General James Mattis:
General Mattis is currently Commander of Joint Forces Command. Talk about someone with a past for making outrageous comments to the press. General Mattis is also a marine which will likely disqualify him from the top spot in Afghanistan. The Marine Corps has been the slowest to adopt Counterinsurgency practices, instead preferring to rely on the same battle tested tactics that brought them victory in Fallujah.

LT. General Allen:
As deputy commander of Centcom, General Allen would have a decent understanding of ongoing operations in Afghanistan but there would still be a significant learning curve involved if he were to assume command in Afghanistan. Furthermore, he is a marine and as I mentioned earlier the marine's do not have the best reputation when it comes to counterinsurgency practices.

General Martin Dempsey:
General Dempsey has Iraq experience but Iraq is not Afghanistan. Yes it is true that General McChrystal came to Afghanistan after fighting in Iraq for several years, however, as a Special Forces Commander he had the advantage of being well versed in COIN principles whereas General Dempsey is not.

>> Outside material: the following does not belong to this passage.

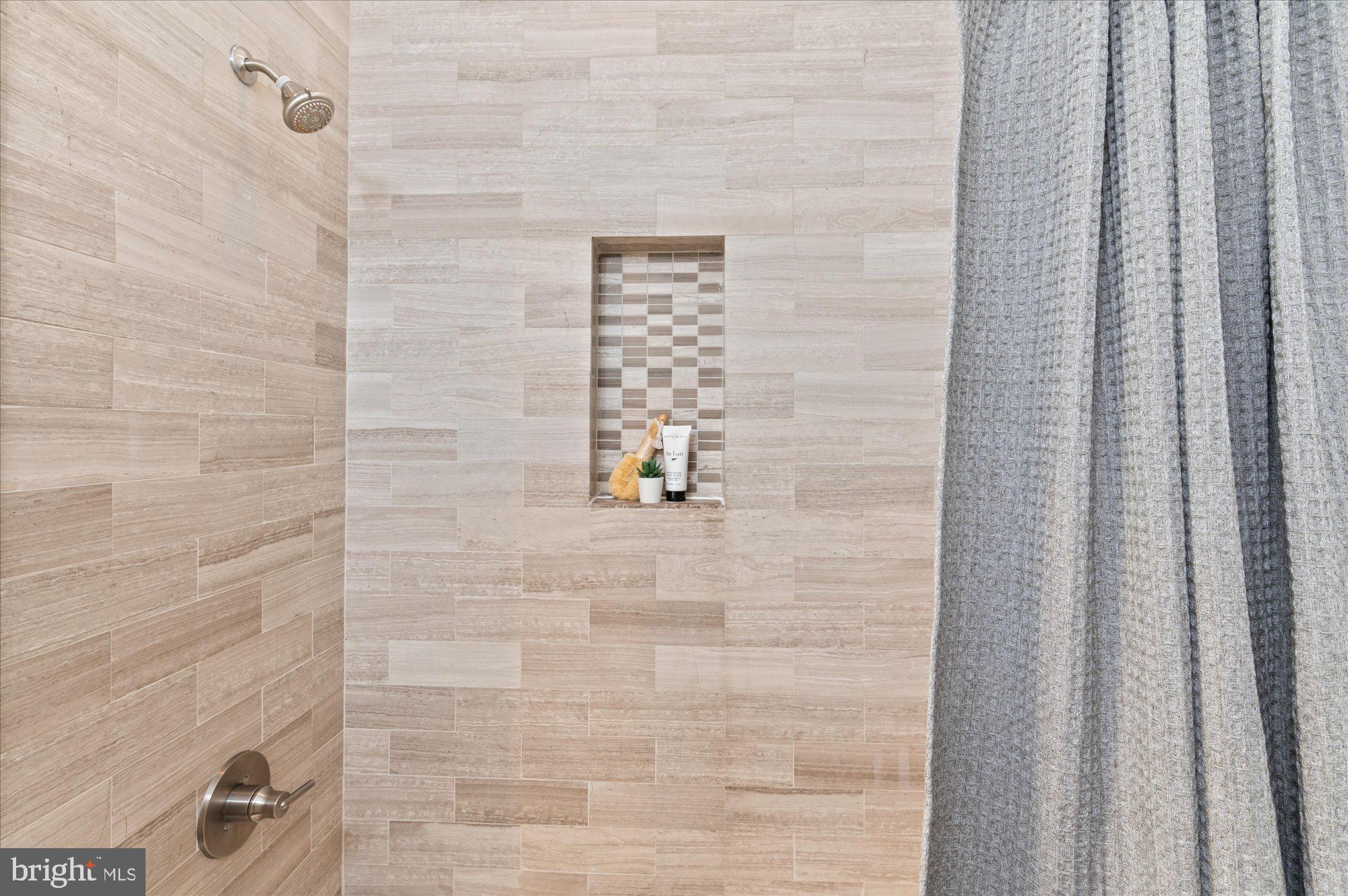 2550 University Place Northwest, Unit 2 Washington, DC 20009 - Photo 20 of 37 Primary Bath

Navy Adm. James Stavridis:
Is an intelligent man and has proven himself as a skilled commander of both SOUTHCOM and as Supreme Allied Commander-Europe (SACEUR). However, he has very little experience with the conflict in Afghanistan and has had zero experience implementing COIN in the field. Furthermore, the Army represents the vast majority of the troops currently fighting on the ground here in Afghanistan and as a result any successor to McChrystal would have to come from the ground forces, most likely the Army.

2 comments:

Anon said...

Excellent analysis on the Marine Corps being the slowest to adopt COIN practices Jeremy! Did you read that somewhere? You need to go back to the drawing board and use your research assistant skills to come up with YOUR OWN qualitative information regarding this topic, because your remarks sound like you haven't set foot in either Iraq or Afghanistan and personally saw or conducted COIN alongside a branch of service. Have you? That's the problem with you liberal and conservative writers... All the opinions in the world, yet only a handful of you get to see what's really going on with your own eyes. Good luck on your thesis & capstone, I really hope the chair and committee buy into whatever you have to write about.

Jeremy said...

I am in Afghanistan actually. See that is the problem, you naturally assumed that I didn't actually know anything simply because I am a blogger or perhaps its because I am an academic. In reference to your obvious disagreement with what I said regarding the Marine Corps' reluctance to adopt COIN principles, the fact is that in Iraq, specifically in Anbar, the marines were some of the best counterinsurgents. However, what we fail to recognize is that the U.S. military got very lucky in Anbar when Al-Qaeda and other foreign fighters over played their hand and started mistreating the local Sunni population. In Afghanistan we should not count on getting lucky. The marines in Helmand (where by the way I have been) are still very much in the business of search of destroy when it comes to battling the insurgency here. One need only look at the monthly counterinsugency leaders course run by the counterinsurgency training center in Kabul to see that the marine corps is by far the least represented service.

Thank you very much for your comments, but in the future please refrain from automatically assuming that bloggers don't know anything.